RICHMOND, Va. (AP) _ An activist shareholder on Wednesday urged Circuit City Stores Inc. to allow Blockbuster Inc. to examine its finances and start good-faith negotiations on the movie-rental chain's bid for the struggling electronics retailer.

Wattles Capital Management, which owns about 6.5 percent of Circuit City's stock, said in a letter to Circuit City that the company should provide access to Blockbuster and discuss its buyout proposal along with other possible bids.

Blockbuster announced a takeover bid last week of just over $1 billion for Circuit City with dreams of creating huge chain that would sell electronic gadgets and rent movies and games.

The Dallas-based company said it approached Circuit City in December, and sent a letter in February to its chief executive, Philip Schoonover, offering $6 to $8 per share.

Based on Circuit City's 168.4 million shares outstanding at the end of last year, the February offer of $6 to $8 per share valued Circuit City at $1.01 billion to $1.35 billion.

Circuit City, the nation's second-biggest consumer electronics chain, has said it doubts Blockbuster could finance the deal and has resisted opening its books.

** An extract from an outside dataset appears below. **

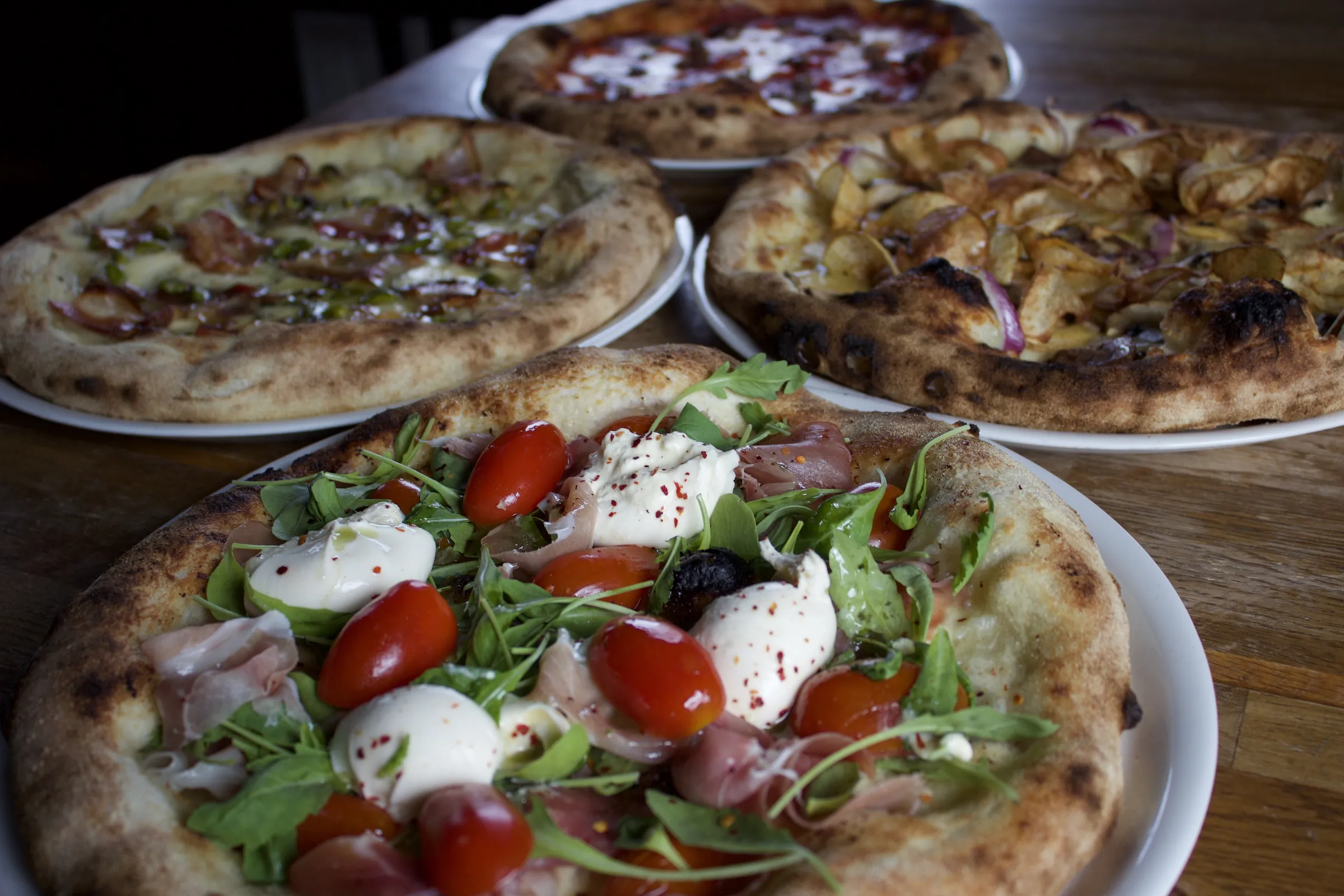 Eldbakaðar pizzur frá Pizzasmiðjunni á borði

"While we can understand the board's desire to become comfortable with how Blockbuster would specifically finance this transaction, there are certain reasons why this offer should be taken seriously," Mark J. Wattles, in a letter to Schoonover and the company's board of directors, said Blockbuster is not a competitor of Circuit City, so providing the information poses no competitive threat. And, he said, Carl Icahn, Blockbuster's largest shareholder, appears willing to help finance the offer.

Wattles also told the board not to take "any actions aimed at further rebuffing Blockbuster, imposing roadblocks to the consummation of a transaction, or adopting any plans that make a change of control more costly."

The founder of the Hollywood Entertainment video-rental chain said Blockbuster could raise a significant portion of the financing from Circuit City's balance sheet. Wattles also cited indications from Blockbuster that it was unlikely to pursue a hostile bid and, if the company withdrew its offer, "Circuit City shareholders will be immediately and substantially damaged."

In a statement Wednesday, Circuit City reiterated its concerns about Blockbuster's ability to finance the deal.

"Circuit City awaits a viable financing structure that is predictably executable by Blockbuster given its current constraints of size and capital structure before it would be appropriate to allow further due diligence," the company said.

Blockbuster spokeswoman Karen Raskopf said the company made its proposal public because Circuit City had failed to provide due diligence necessary to allow them to make a definitive proposal.

"We believe the shareholders of Circuit City should have the opportunity to participate in determining the destiny of the company," Raskopf said. "We believe the transaction would allow both companies to benefit from the revenue growth that could be generated by our complementary products and we think that the resulting synergies would substantially improve the consolidated financial performance."

Shares of Circuit City fell 11 cents to $4.62 in trading Wednesday, and Blockbuster's shares fell 1 cent to $2.88.

Richmond-based Circuit City swung to a profit of $4.85 million for its fiscal fourth quarter due to a $7.3 million tax benefit. It lost its status as No. 1 American consumer electronics chain in the 1990s to Best Buy Co., which built bigger stores in better locations and operated more efficiently.

Lately, Circuit City has been pinning its recovery on smaller concept stores, cost-cutting and its Firedog tech-service business. The company has laid off 3,400 retail workers and hired lower-paid replacements.

Blockbuster has struggled for several years to compete with cheap DVDs from retailers such as Wal-Mart Stores Inc., video on demand from cable and satellite TV operators, and the by-mail rental service of Netflix Inc.

Blockbuster Chief Executive James Keyes has said combining the companies would create a 9,300-store chain that could sell portable devices and entertainment for them, much like Apple Inc.'s stores. The larger Circuit City stores would have movie-rental stores inside, and Blockbuster locations would offer a limited selection of electronics.